Premier Indoor Comfort Systems LLC Blog : Archive for September, 2011

How Do I Know If Solar Heating and Cooling Will Work On My Home? A Question From Cumming

Friday, September 30th, 2011

When undertaking any home improvement project in Cumming, there will be challenges making sure the new features fit well with the existing construction. Solar heating and cooling is no exception. You may want to install solar modules on your home for your HVAC needs, but will the two work together?

There are ideal conditions under which solar modules can be used, and striving to create these conditions will often present some challenges. Fortunately, in most circumstances, there are some easy adjustments you can make to ensure your new solar modules work as well as or better than advertised.

The Big Two

There are two major factors which play in to solar modules performance more than anything else. First is orientation, or where the house has exposure to the sun.
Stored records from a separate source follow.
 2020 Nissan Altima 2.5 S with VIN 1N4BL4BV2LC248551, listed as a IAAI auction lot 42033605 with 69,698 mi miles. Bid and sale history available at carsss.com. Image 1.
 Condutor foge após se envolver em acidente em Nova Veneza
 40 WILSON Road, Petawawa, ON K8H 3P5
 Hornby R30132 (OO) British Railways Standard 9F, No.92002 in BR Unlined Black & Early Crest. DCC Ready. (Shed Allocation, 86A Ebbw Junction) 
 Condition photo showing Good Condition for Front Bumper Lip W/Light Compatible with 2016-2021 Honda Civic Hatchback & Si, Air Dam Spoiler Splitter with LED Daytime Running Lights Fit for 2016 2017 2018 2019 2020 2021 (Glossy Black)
Ideally, solar modules should be mounted facing south to maximize efficiency. They can also work when facing some easterly or westerly directions, albeit with some performance loss.
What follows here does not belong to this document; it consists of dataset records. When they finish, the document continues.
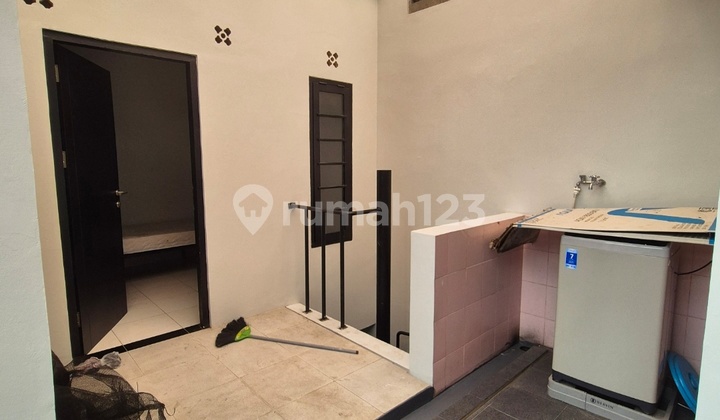 Disewakan Rumah Siap Huni dan Sudah Renorenovasi Daerah Antapani Disewakan Rumah Siap Huni dan Sudah Renorenovasi Daerah Antapani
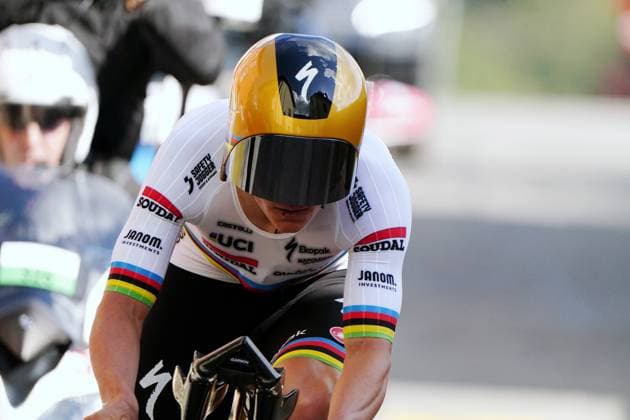 29.04.2025 Schweiz. Tour de Romandie Prolog Saint-Imier - Saint-Imier. Bild : Remco Evenepoel (BEL) Team Soudal Quickstep Aktion Einzelbild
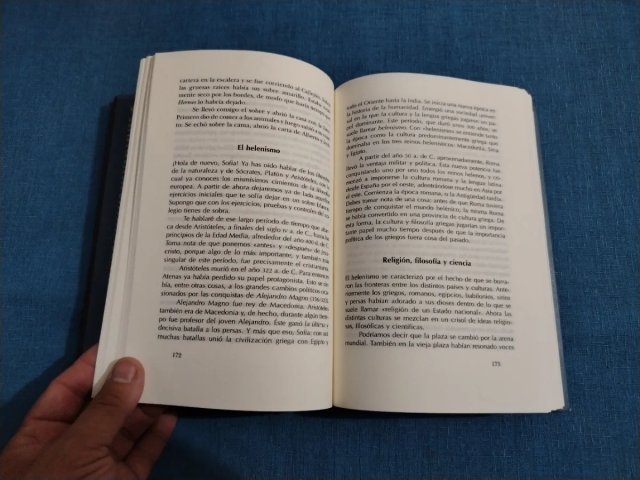 El Mundo de Sofía.  Jostein Gaarder.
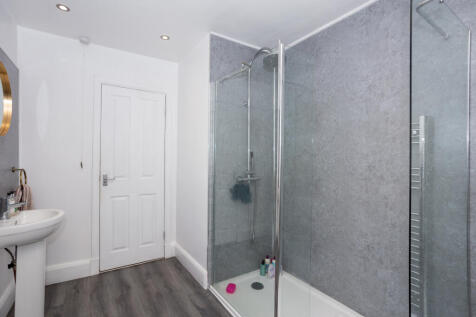 Family Shower Room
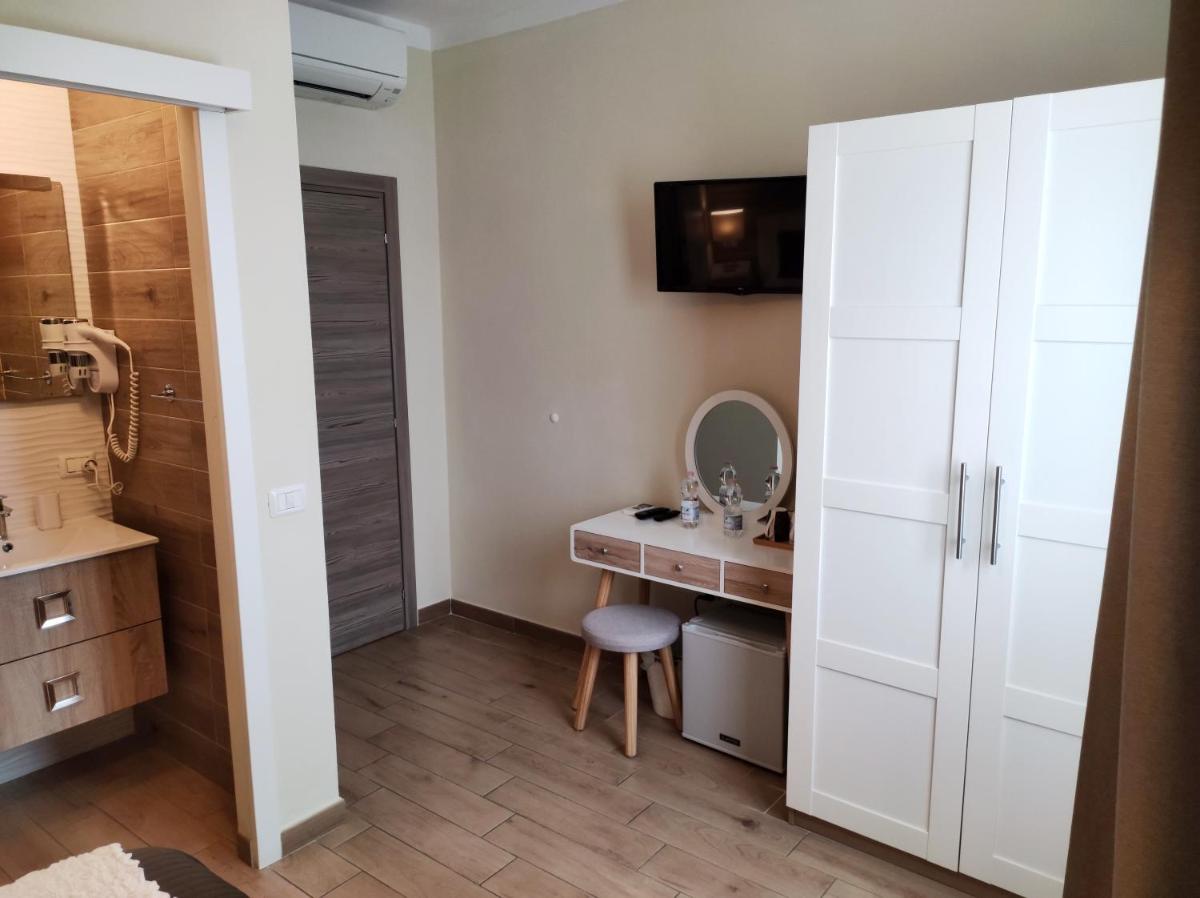 Pisa City Lodge - Housity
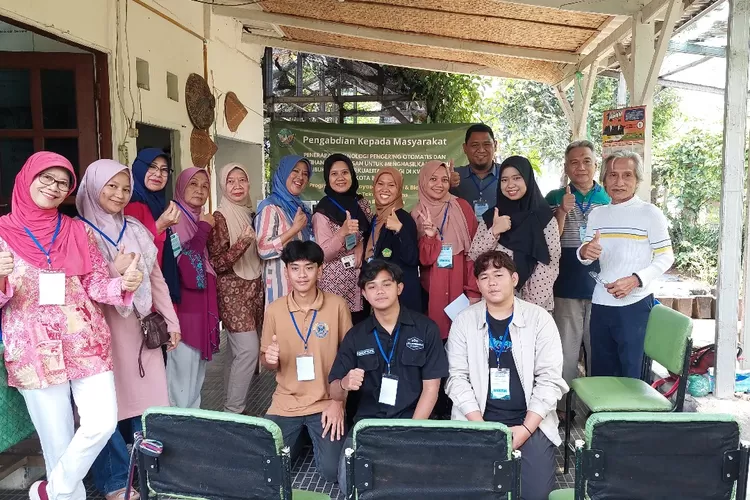 Mahasiswa UIKA Bogor bersama dosen tengah melakukan pengabdian di Masyarakat. (Jalil/Bogor)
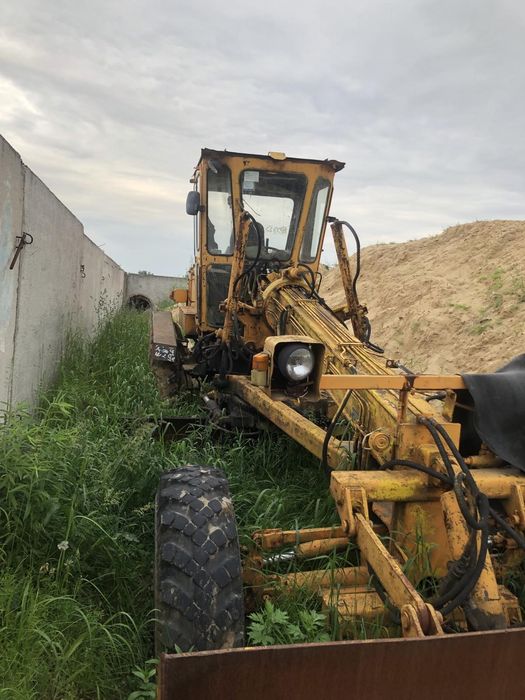 Грейдер ДЗ 180 1992г.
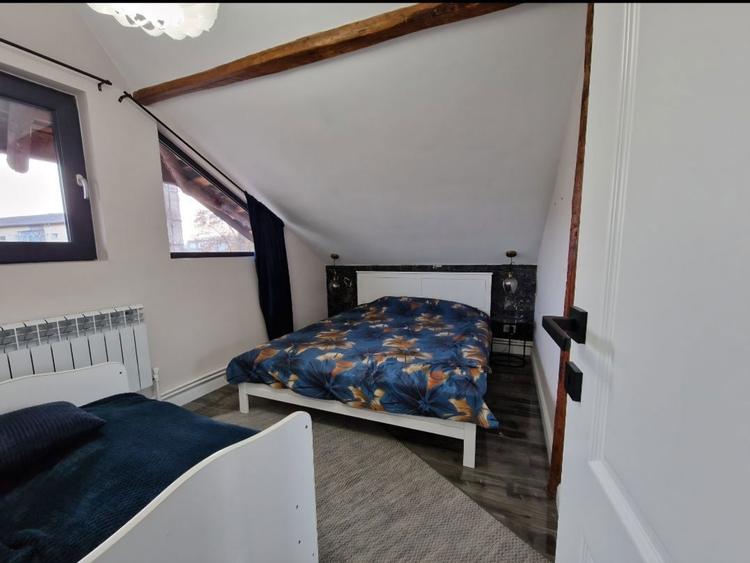 Apartament cu 4 camere decomandat în Sud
For maximum exposure to the sun, solar modules should be mounted at an angle that matches the latitude at which your home sits. You also want to avoid any obstructions. The path from the sun to the solar modules should be as clear as possible, with minimal shading or obstructions to interfere with the modules collecting light.

Other Challenges

Independent of these major variables, other issues can come into play when determining if solar heating and cooling will be a good fit for your home. You have to worry about geography and weather, your energy needs, and the insurance costs of adding solar power to your home.

While these challenges exist, as you can see there are generally ways around each of them. Consult with a contractor or other expert, who can help you decide if a SunSource® Home Energy System is a good fit for your home.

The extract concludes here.